++++ TASK MATERIAL

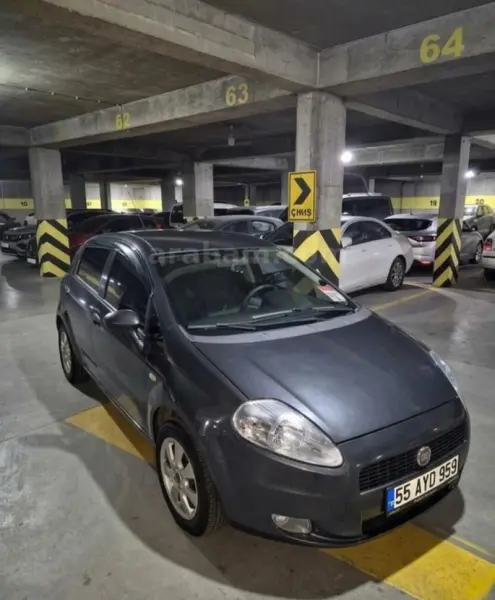 Fiat Punto 2008 otomatik üstü alabileceğim araçlar ile takas olur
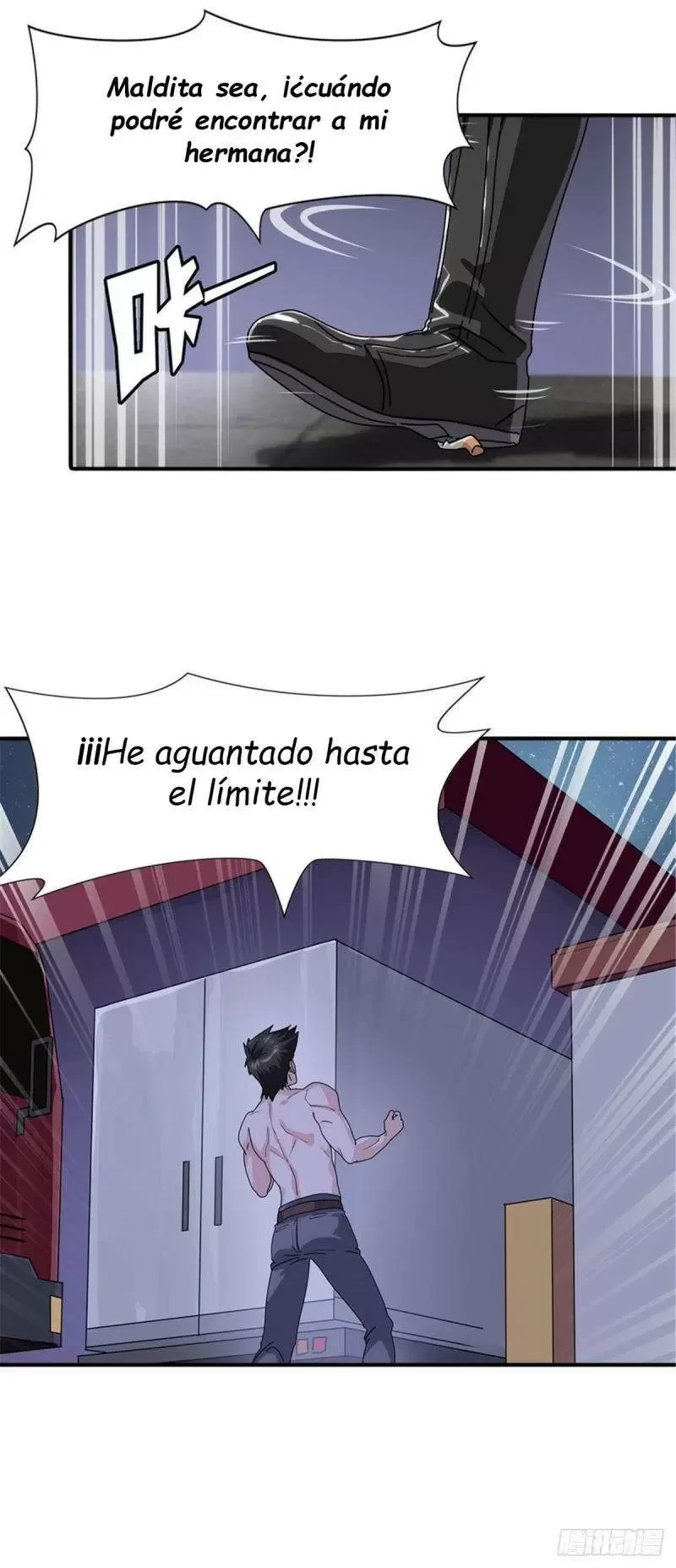 Mi novia es un zombie - Capítulo 221 - Página 30 - LectorTMOo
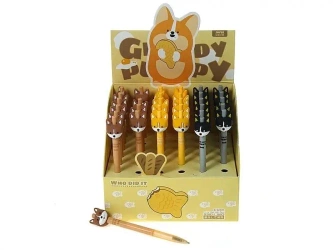 Długopis z liskiem (36szt) - ADAR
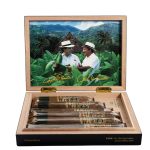 Fuente Fuente OpusX “Heaven and Earth” Rare Black Special Selection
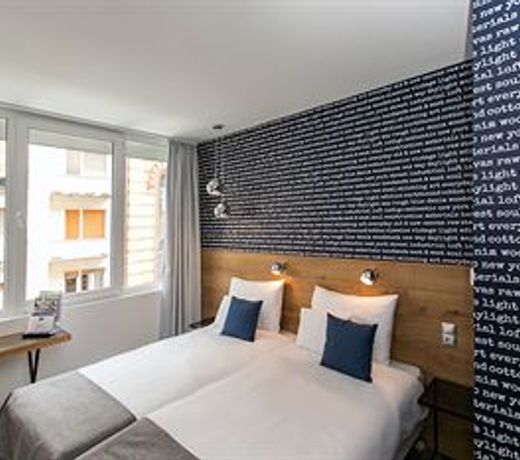 Roombach Hotel Budapest Center
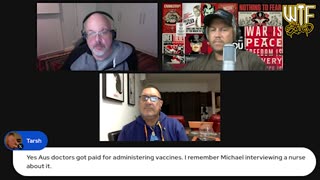 Did Doctors receive kickbacks for the Covid vaccine?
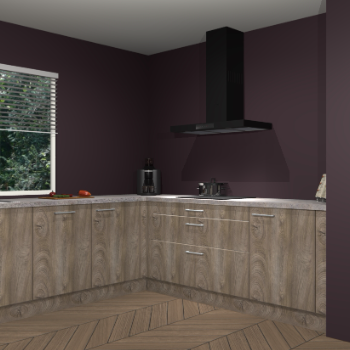 Cantaro eiken keuken Moroni 35112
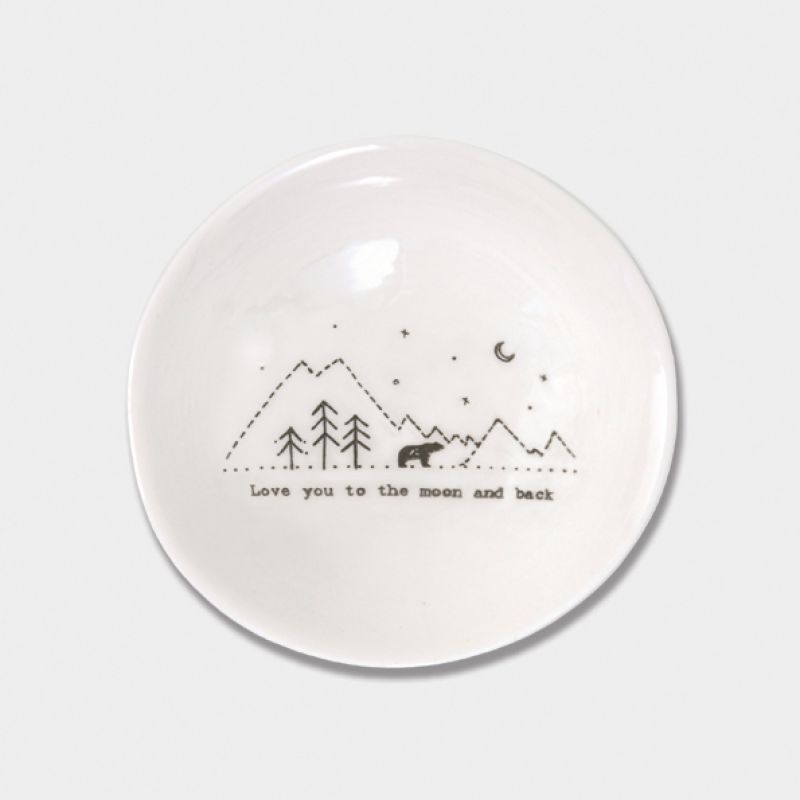 Medium wobbly bowl-Love you …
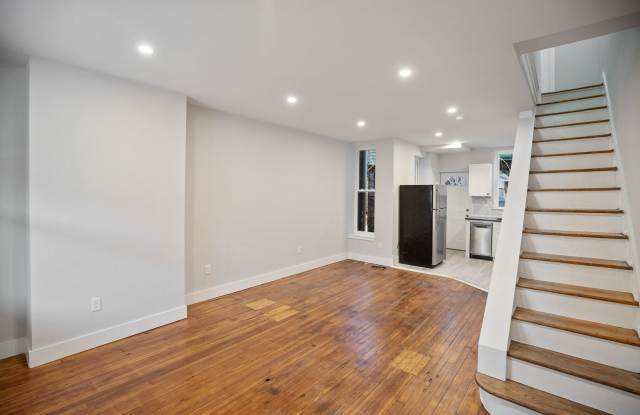 Bright and Open 2 Bedroom/1 Bath in West Philly, Pet Friendly! photos photos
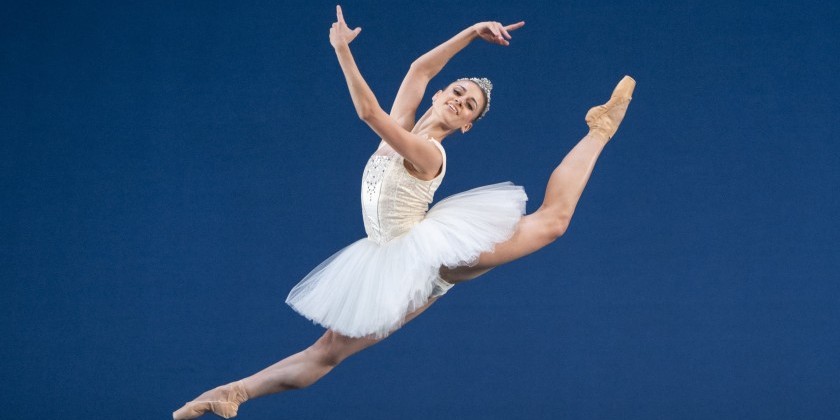Houston Ballet Hosts Youth America Grand Prix Finals and Gala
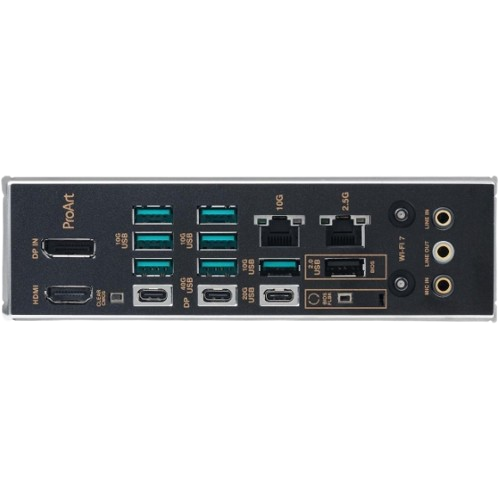 ASUS PROART X870E-CREATOR WIFI AM5 DDR5 ATX Motherboard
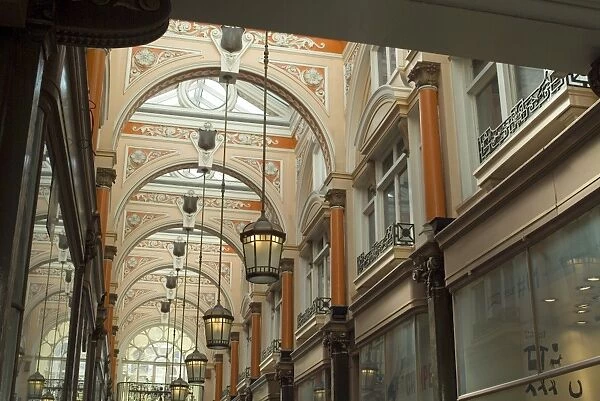 Royal Arcade, Bond Street, London, England, United Kingdom, Europe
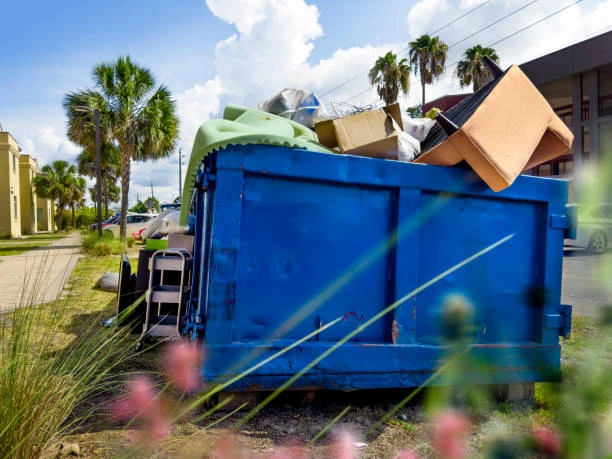 Are Dumpster Rentals Required for Dumping Household Garbage?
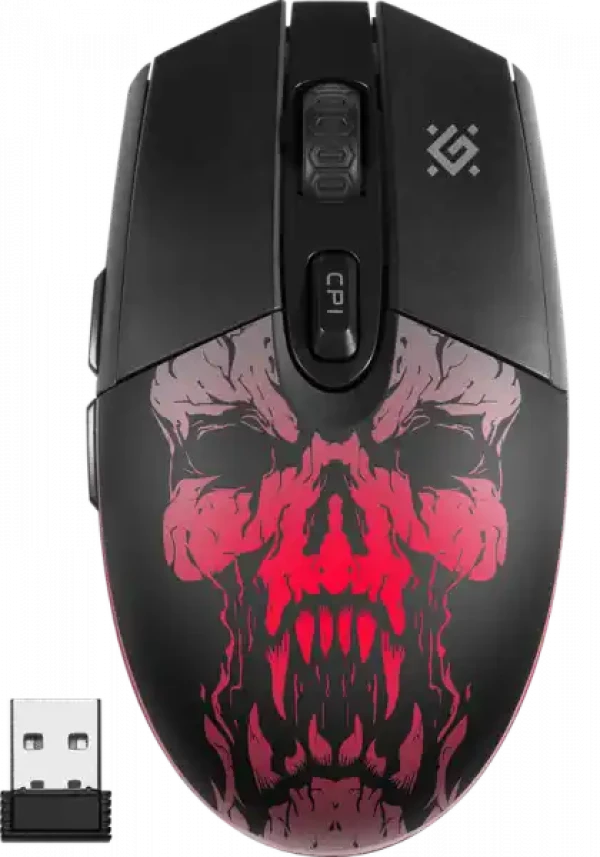 Bežični miš Defender Beta GM-707L 1600 DPI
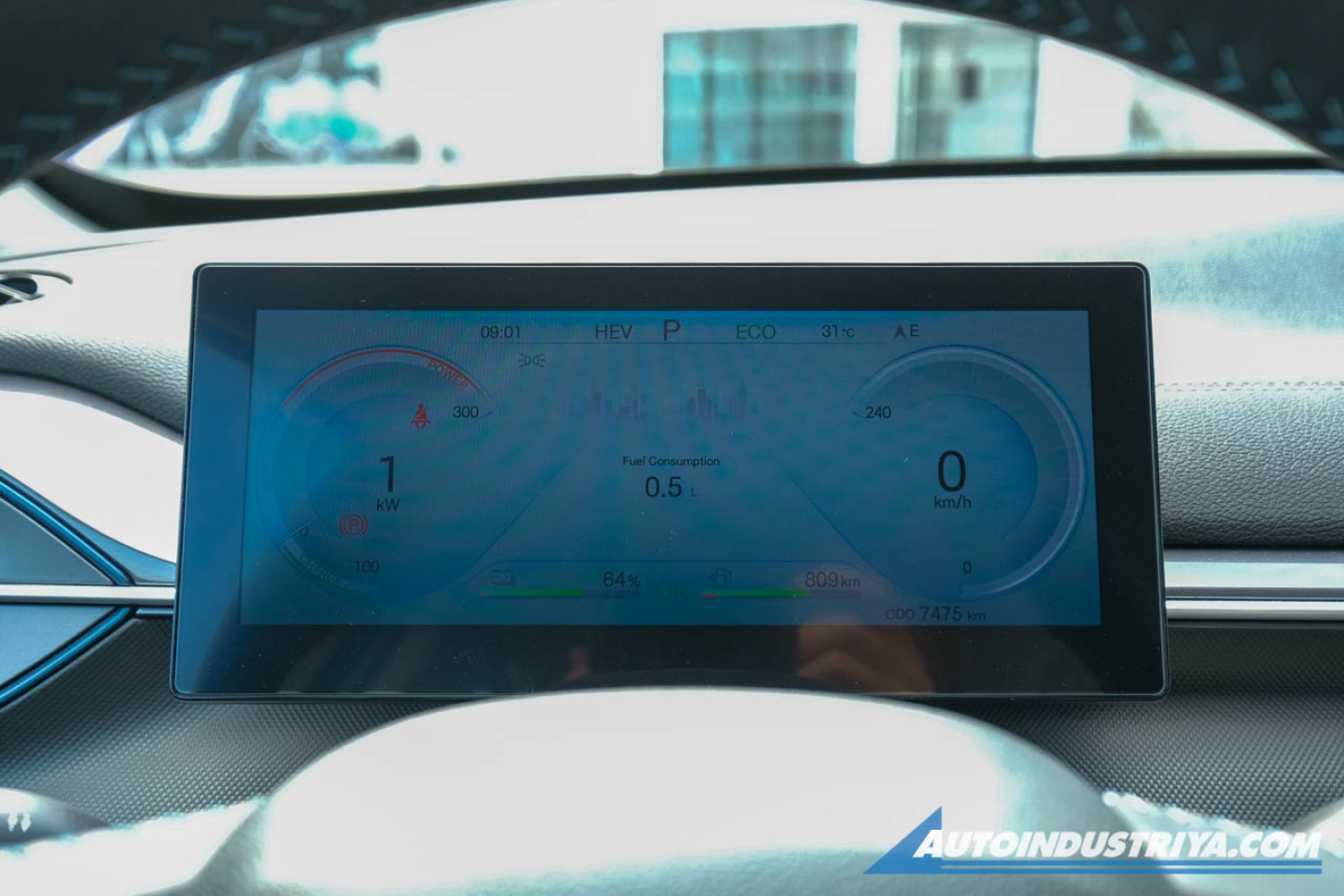 2025 BYD Seal 5 Premium PHEV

++++++++

→ WORK INSTRUCTIONS
Leaving out the pictures, transcribe the material above exactly.

→ REPLY
 Fiat Punto 2008 otomatik üstü alabileceğim araçlar ile takas olur
 Mi novia es un zombie - Capítulo 221 - Página 30 - LectorTMOo
 Długopis z liskiem (36szt) - ADAR
 Fuente Fuente OpusX “Heaven and Earth” Rare Black Special Selection
 Roombach Hotel Budapest Center
 Did Doctors receive kickbacks for the Covid vaccine?
 Cantaro eiken keuken Moroni 35112
 Medium wobbly bowl-Love you …
 Bright and Open 2 Bedroom/1 Bath in West Philly, Pet Friendly! photos photos
Houston Ballet Hosts Youth America Grand Prix Finals and Gala
 ASUS PROART X870E-CREATOR WIFI AM5 DDR5 ATX Motherboard
 Royal Arcade, Bond Street, London, England, United Kingdom, Europe
 Are Dumpster Rentals Required for Dumping Household Garbage?
 Bežični miš Defender Beta GM-707L 1600 DPI
 2025 BYD Seal 5 Premium PHEV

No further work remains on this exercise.